There's some disagreement in the community on just who that target audience is. The big commercial vendors like to hit the "low-hanging fruit": the few but massive enterprise players in the world who stand to gain from Linux use and--let's face it--generate the most revenue dollars. On the other end of the spectrum, there's the call for the ubiquitous "Desktop"--the be-all, end-all interface that everyone, including our grandmothers, can use instead of the hated Windows products.
Somehow, one would think, there should be a compromise between these two extremes.

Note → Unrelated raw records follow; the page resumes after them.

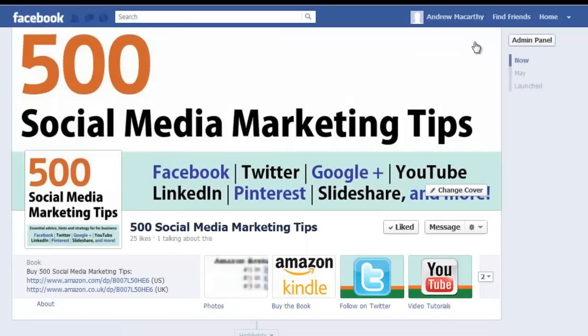That's all for this time, I hope it helped. Don't forget to hit subscribe above for lots more social media marketing tips, and to check out my book via the link in the description below. Thanks very much for watching, and goodbye.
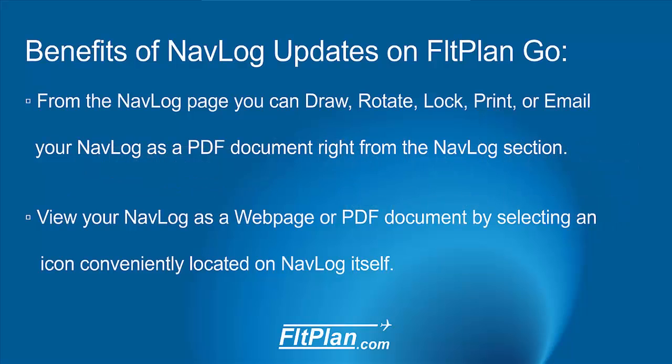The benefits of this update to the navlogs on FlightPlan Go are that you can draw, rotate, lock, print, or email your navlog as a PDF document right from the navlog section. Now you can view your navlog as a webpage or PDF by selecting an icon conveniently located on the navlog itself.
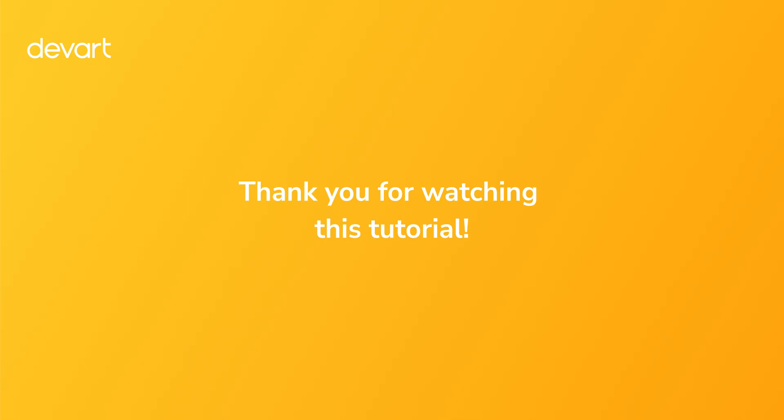Thank you for watching this tutorial. We hope you found it helpful. Feel free to share the video with anyone who might benefit from it.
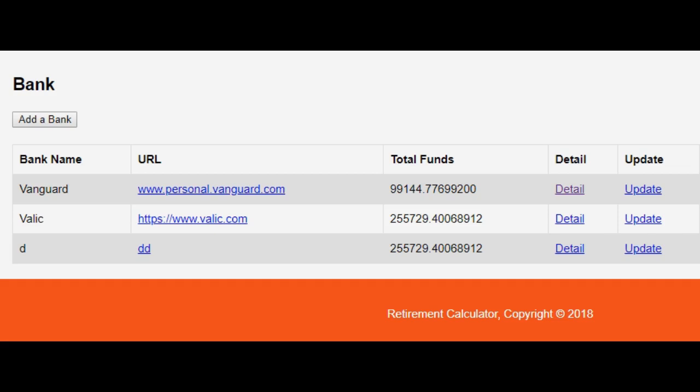Alright, we found a small bug in the application. I'm going to show you the fix real quick. Notice when you add a bank, it automatically takes the total funds from the bank before and adds those total funds.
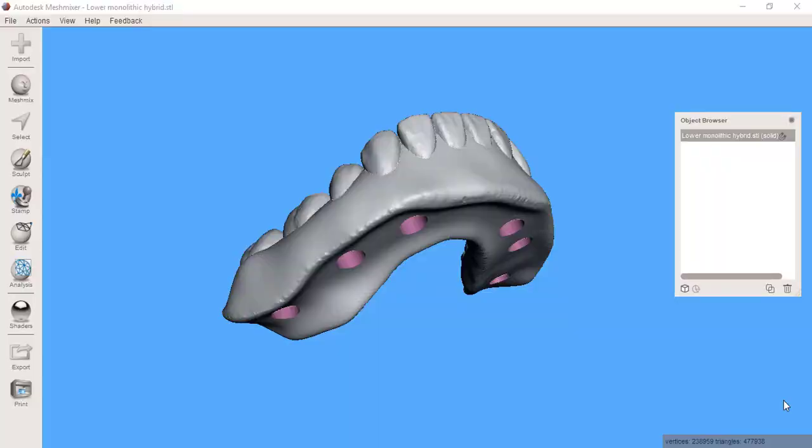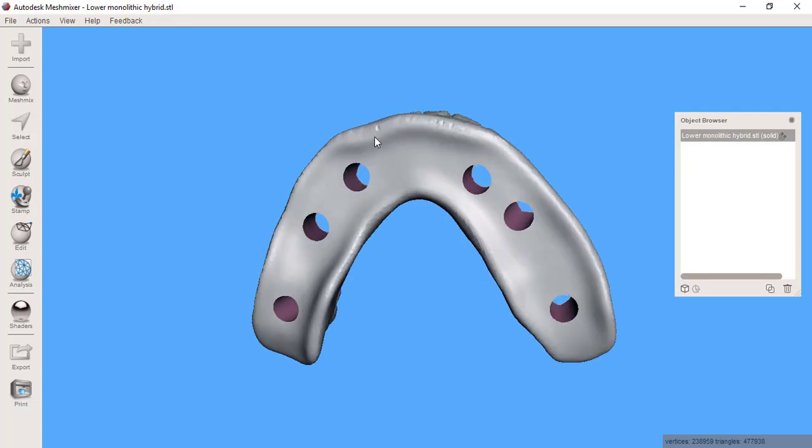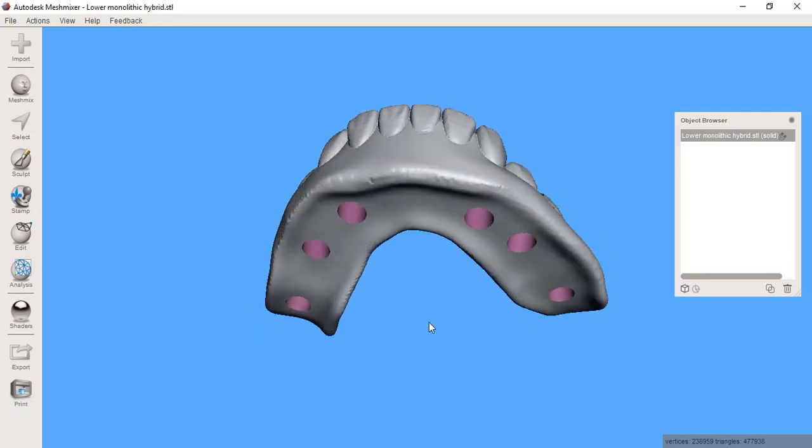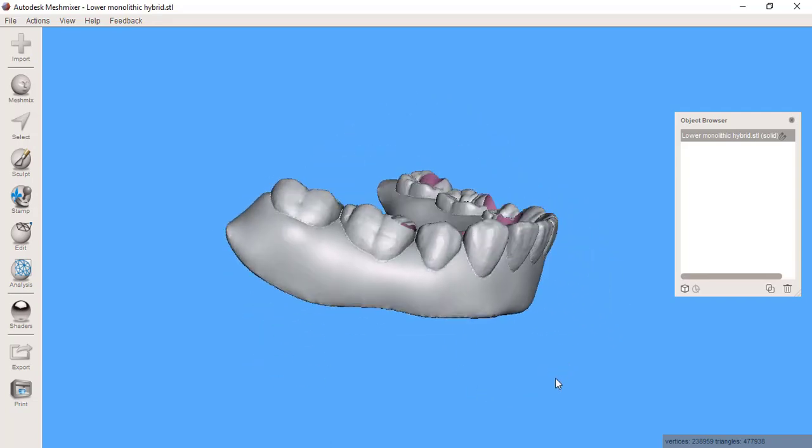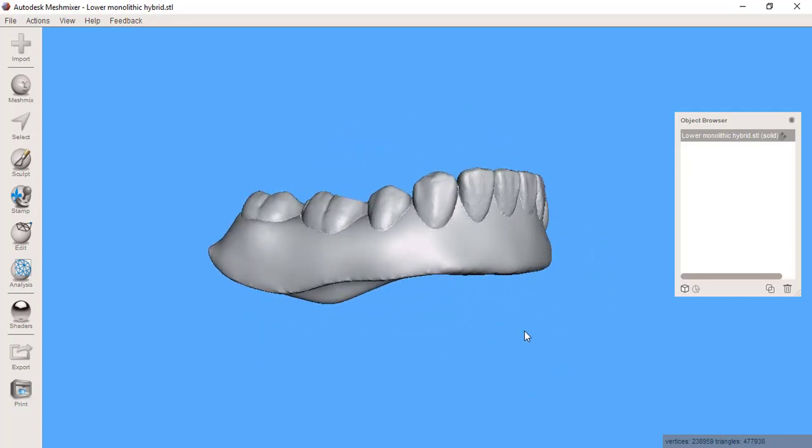In this video I'm going to be showing an alternative method for adding some reinforcement to a temporary printed hybrid prosthesis.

For a long time, my position on the best target market for Linux and Open Source growth has been somewhere in that middle-place. Small to medium-sized businesses (SMBs), I believe, stand to gain the most from a solid Linux-based stack of apps. Unlike enterprises, IT costs for licenses are a big part of their budgets, so they could use a break on the expense. And, unlike consumer users, they don't need every gimmick and gimcrack application to support every single device or esoteric need.
SMBs need something streamlined, fast, powerful, and inexpensive to get the job done. Sounds like open source software to me.
While this stance is nothing new, nor is the one big obstacle facing those who want to market and deliver to the SMB space: there's a whole lot of SMBs out there, and no really clear sales channel to them. Microsoft, and vendor who write Windows-compatible software, don't have this problem. Their customers have been buying pre-loaded Windows PC for years, and base all their software purchasing decisions based on one big requirement: does it run on Windows? That channel is a gold mine for the proprietary vendors, and until more OEMs start pre-loading Linux, it's a lock for the Windows team.
I have lamented about this before, and fretted openly how any open source provider would be able to get their wares to the sheer number of SMBs in the world.
I should not have worried.
On Friday, Open-Xchange, the Tarrytown NY-based mail and collaboration server company that once upon a time was spun off from SuSE Linux GmbH, announced an integrated solution between Open-Xchange Hosting Edition (OXHE) and the Parallels Automation Tools to create a virtual version of OXHE than can be managed by the Parallels toolset.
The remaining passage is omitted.